More of You (Confessions of the Heart 1) - Page 73

He took another step farther into the kitchen.

The ground shook beneath my feet.

Fear and questions started to ramble from my mouth. “I . . . I just don’t know how to move on from there. From promising all of my life to him.”

Would I be a fool for moving on in Jace’s direction? More than that, would it be a betrayal to Joseph?

An echo of Joseph’s voice stroked through my mind. He’d come home in the middle of the night a few years ago, and his voice had been slurred and his breath pungent with alcohol.

“I want to erase him from you. Make you forget he ever existed. Tell me you don’t still love him.”

I wondered if he’d heard my answer in my silence.

If he’d hate me for bringing Jace into our home. Into our lives.

But I didn’t have to step that direction because Jace was already moving my way. Making the decision for me. Predatory in his stance, possession in each measured stride.

Trembles raced through my body when he reached out and let his fingertips flutter down the side of my cheek. His touch soft and those coppery eyes fierce. “I only want to take care of you. Let me.”

There was so much to his demand. So much more than protecting us. So much more than fixing this house.

“I don’t know if I’m ready for this, Jace. If I’m ever gonna be.”

The problem was that my heart was already racing for him. Screaming out from the confines of my chest that I’d always belonged to the man in front of me.

“I’ll take whatever you can give.” Stark vulnerability oozed out from between his ferocity, the man a live wire waiting to go off.

He was right there, towering over me, filling my head with the scent of cloves and expensive leather.

Fillin’ my belly with lust.

“I’m terrified of you hurtin’ me all over again,” I whispered. “I can’t take any more.”

Flinching, his eyes dropped closed. “I don’t want to hurt you, Faith. Never. I never wanted to. I’d give anything to stop that from happening again.”

With the grief that struck through his expression, I wondered if it was inevitable, him leaving me again.

His throat worked hard, his fingers trembling on my face.

His tongue darted out to wet his lips.

The man wavered.

Gathering what to say.

“If you knew every terrible thing I’ve done in my life, Faith, every mistake I’ve ever made, could you forgive me?”

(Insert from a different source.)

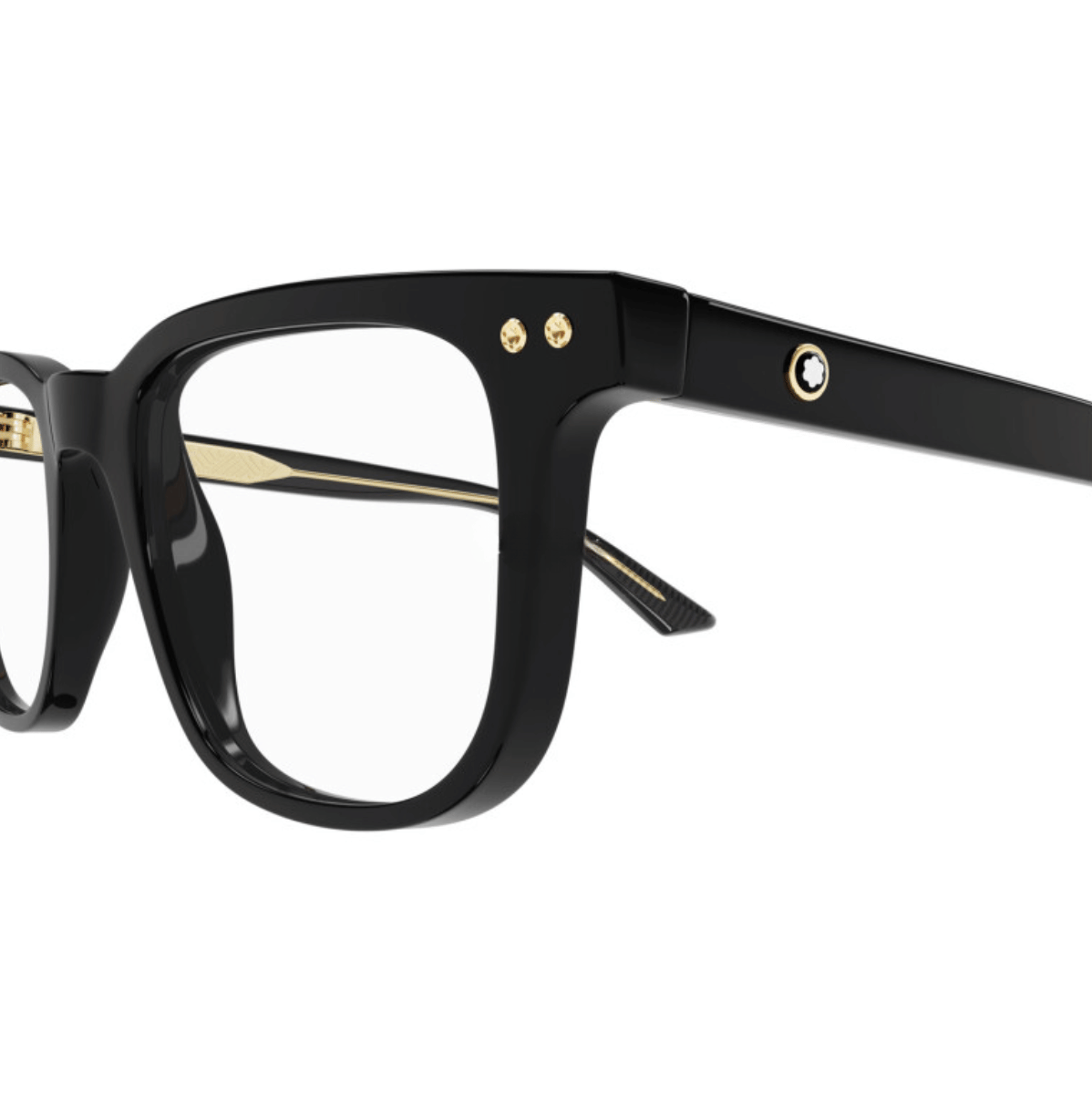 "Stylish Mont Blanc 0258O 005 Prescription Glasses Frame For Men And Women At Optorium"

Confusion crashed through my heart and mind, his question nothing but misery on my soul.

What was he asking me? To forgive him for walking away that day? My spirit clutched with the pain of it, the devastation I’d felt when he’d left.

But it felt like something more than that, and I couldn’t help but wonder what he’d done to achieve what he had. The place where he drove a luxury car and wore ridiculously expensive suits.

Had he hurt people along the way?

A shudder rocked through me, and I wanted to reach inside of him, search deep for the boy I’d once known.

That angel-boy in pauper’s clothes.

My gaze swept him, head to toe.

The man so beautiful. So potent and raw and bristling with a goodness that I wondered if he could even see.

No.

I didn’t believe it.

He wouldn’t hurt someone to win.

And Jace . . . he’d become so much more than I’d ever imagined.

More than the things he’d had to do to survive growing up, the lying and the stealing to put food in Ian and Joseph’s mouths.

“I told you I saw great things in you. Look who you’ve become. I told you, you would. If you wanted it badly enough. Is that what it took? You walking away from me to realize who you could be?”

It was amazing how deep love could go. How big it could be. Because I realized right then, if that was what it had taken, I would have given him up.

Freely so he could be free.

If he’d just have told me. Warned me. Would it have hurt any less?

His body jerked, and his head swung to the side as his face pinched. As if he didn’t want me to see everything written in his expression.

A harsh breath left his nose and he turned back to me. “I told you, it killed me, Faith.”

“Then why?” I begged.

Did I really want the answer? Could I stand him tellin’ me that I wasn’t worth it?

His hands clutched down on the counter on either side of me, every part of him strained. His eyes pierced me to the spot. “I went to prison, Faith. That was why.”

A gasp raked from my lungs and horror ripped through my consciousness. “What?”

Anguish blistered through my soul at the thought. For the boy I’d loved with all of me being shackled, shoved into a cell.

“Because . . . because we were here?” I fumbled to get out.